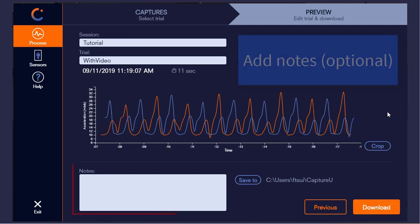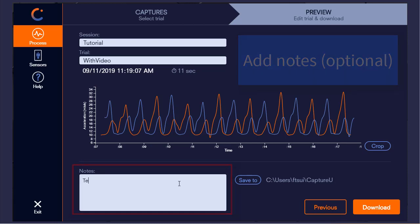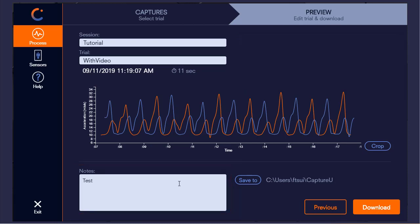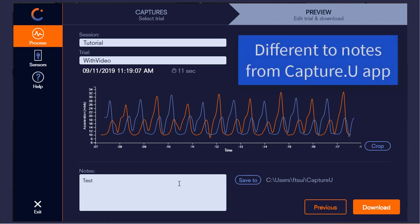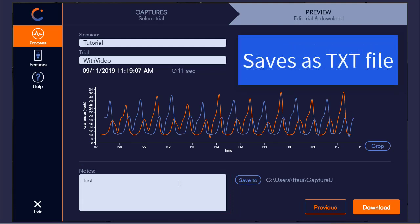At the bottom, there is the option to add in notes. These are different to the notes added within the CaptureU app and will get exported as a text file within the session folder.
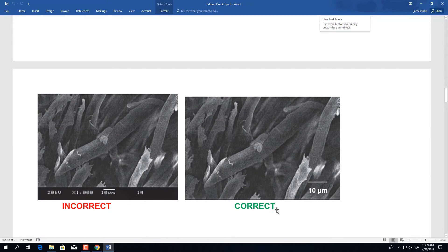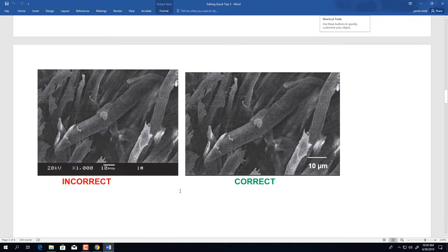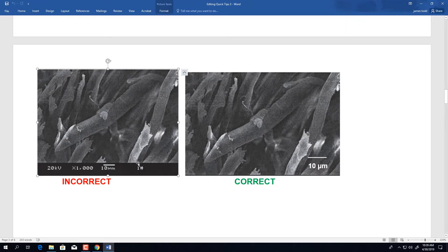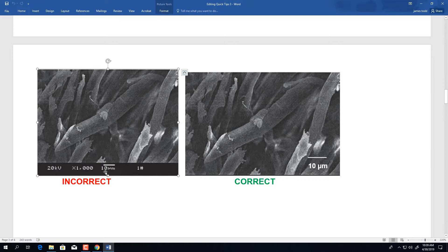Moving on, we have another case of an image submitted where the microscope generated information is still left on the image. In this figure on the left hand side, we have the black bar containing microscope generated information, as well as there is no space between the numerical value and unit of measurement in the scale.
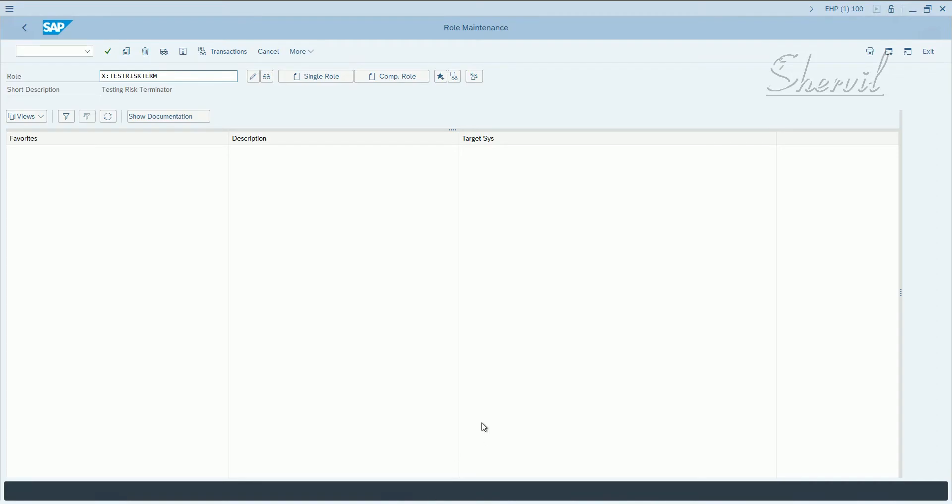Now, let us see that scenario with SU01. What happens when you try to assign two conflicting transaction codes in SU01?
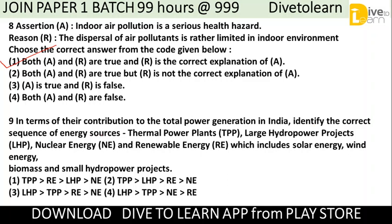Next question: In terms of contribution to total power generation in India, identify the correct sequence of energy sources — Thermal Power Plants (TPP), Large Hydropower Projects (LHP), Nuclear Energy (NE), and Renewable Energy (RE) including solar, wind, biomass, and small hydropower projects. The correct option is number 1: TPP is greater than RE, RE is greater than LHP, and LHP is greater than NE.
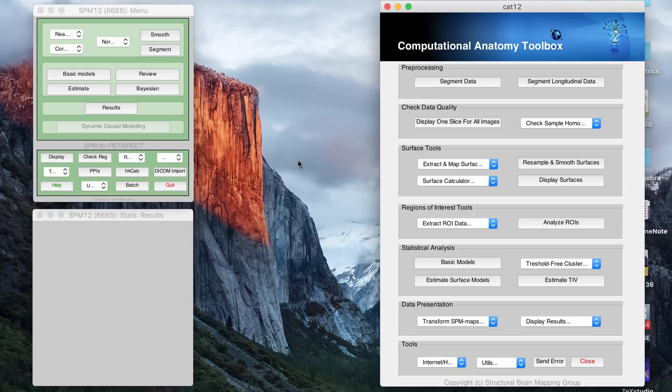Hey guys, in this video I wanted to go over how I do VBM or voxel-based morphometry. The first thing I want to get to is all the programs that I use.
++++
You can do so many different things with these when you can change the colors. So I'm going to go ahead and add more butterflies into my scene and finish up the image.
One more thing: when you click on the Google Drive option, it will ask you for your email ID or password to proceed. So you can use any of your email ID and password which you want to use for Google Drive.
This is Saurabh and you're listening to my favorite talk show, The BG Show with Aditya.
++++
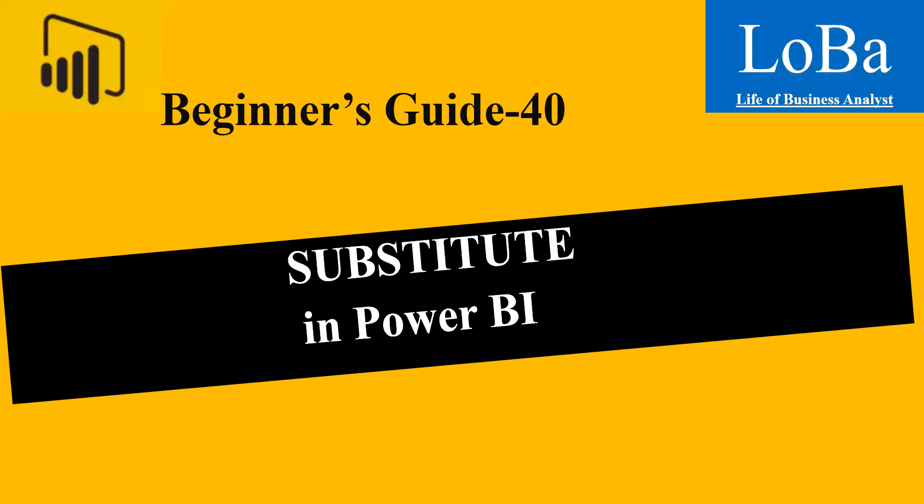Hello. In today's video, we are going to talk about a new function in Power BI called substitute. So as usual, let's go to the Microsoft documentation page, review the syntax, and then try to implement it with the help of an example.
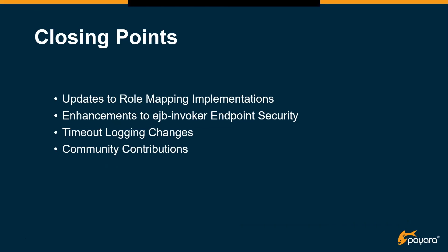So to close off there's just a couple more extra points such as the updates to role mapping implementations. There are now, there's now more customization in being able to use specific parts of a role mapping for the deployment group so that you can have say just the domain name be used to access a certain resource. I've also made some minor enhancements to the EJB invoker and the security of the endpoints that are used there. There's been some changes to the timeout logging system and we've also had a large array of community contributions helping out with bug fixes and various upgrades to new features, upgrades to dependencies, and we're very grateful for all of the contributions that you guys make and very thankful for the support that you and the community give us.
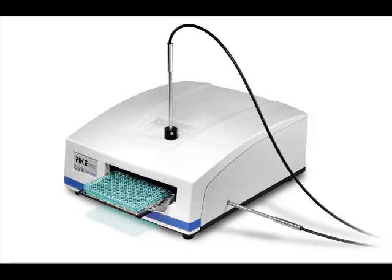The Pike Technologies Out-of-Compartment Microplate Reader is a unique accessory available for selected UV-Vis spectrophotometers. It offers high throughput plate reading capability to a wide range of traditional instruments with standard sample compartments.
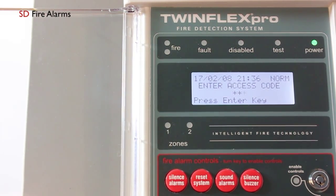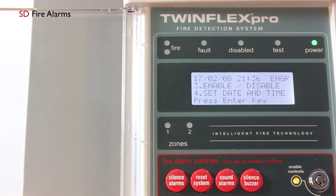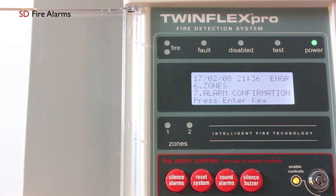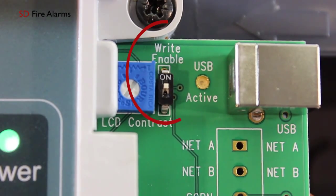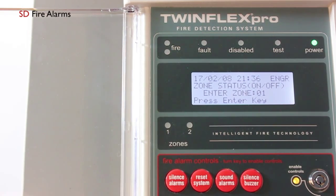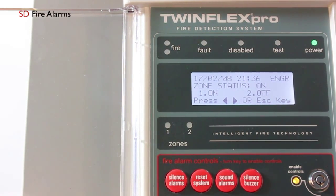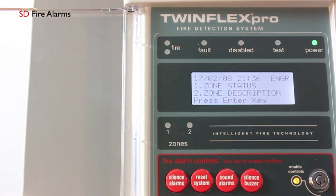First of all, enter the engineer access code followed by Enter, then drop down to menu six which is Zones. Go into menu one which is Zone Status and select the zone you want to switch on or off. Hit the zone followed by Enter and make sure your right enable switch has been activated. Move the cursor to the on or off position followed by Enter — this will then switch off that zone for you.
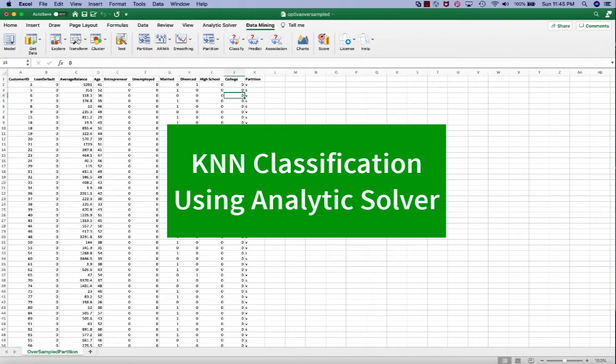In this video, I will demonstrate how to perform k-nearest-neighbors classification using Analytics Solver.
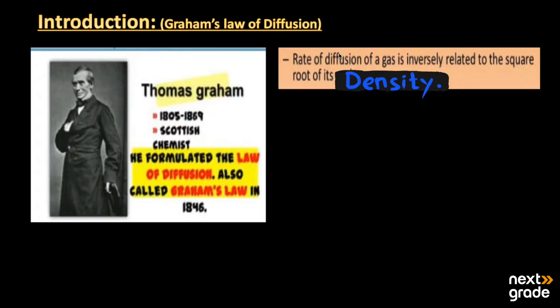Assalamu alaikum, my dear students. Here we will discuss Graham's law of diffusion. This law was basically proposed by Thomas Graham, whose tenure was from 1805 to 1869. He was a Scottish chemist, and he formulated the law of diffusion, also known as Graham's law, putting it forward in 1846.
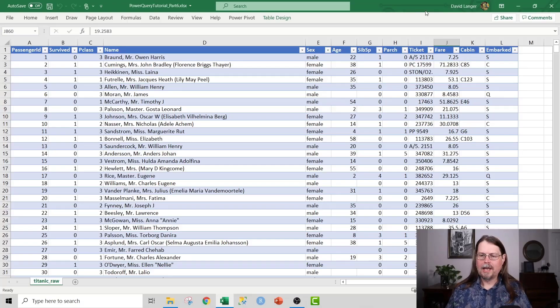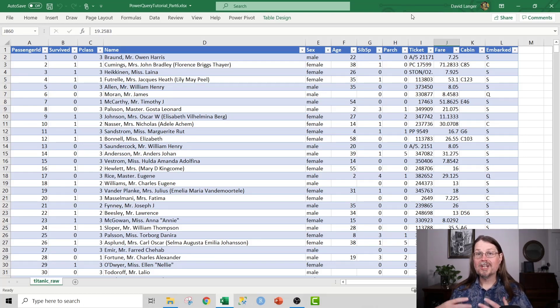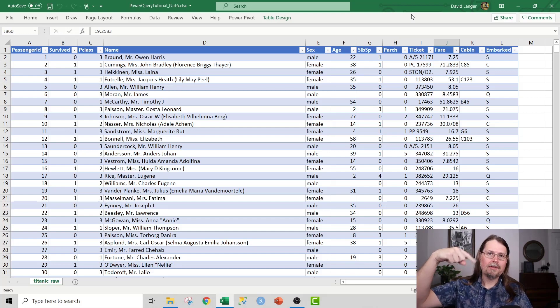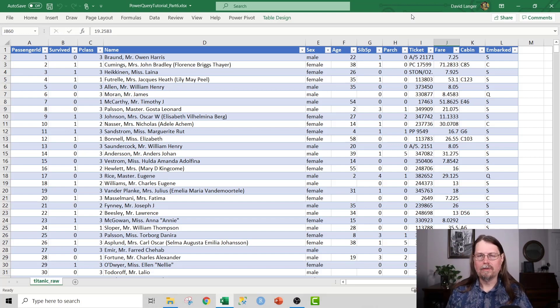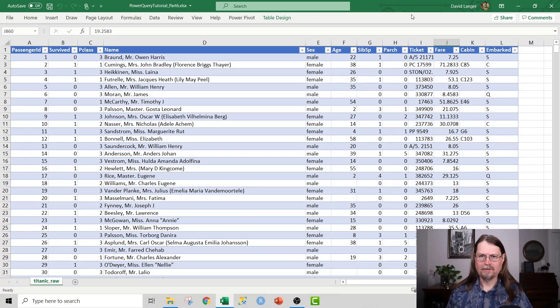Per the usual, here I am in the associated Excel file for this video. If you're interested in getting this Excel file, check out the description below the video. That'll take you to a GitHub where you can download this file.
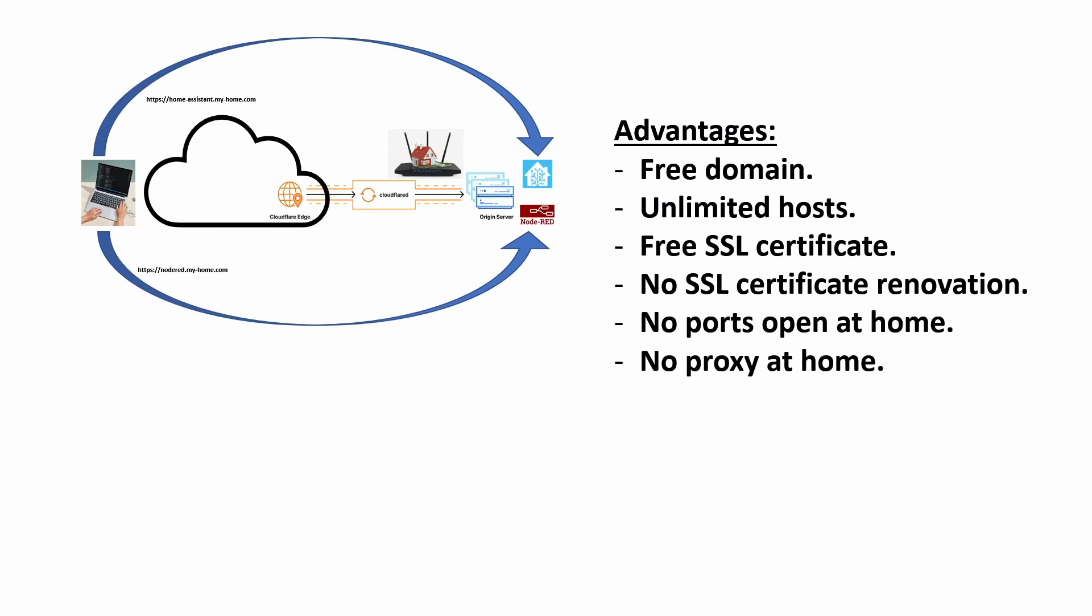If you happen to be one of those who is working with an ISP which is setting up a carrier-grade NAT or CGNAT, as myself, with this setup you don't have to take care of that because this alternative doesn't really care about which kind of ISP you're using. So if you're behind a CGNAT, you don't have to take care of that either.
++++
◆ About this exercise
Extract the part of the records that opens with the line containing "At the bottom, there" and closes with the line containing "Now, let us". Take only those lines, exactly, and no pictures.

◆ Answer section
At the bottom, there is the option to add in notes. These are different to the notes added within the CaptureU app and will get exported as a text file within the session folder.
Moving on, we have another case of an image submitted where the microscope generated information is still left on the image. In this figure on the left hand side, we have the black bar containing microscope generated information, as well as there is no space between the numerical value and unit of measurement in the scale.
Now, let us see that scenario with SU01. What happens when you try to assign two conflicting transaction codes in SU01?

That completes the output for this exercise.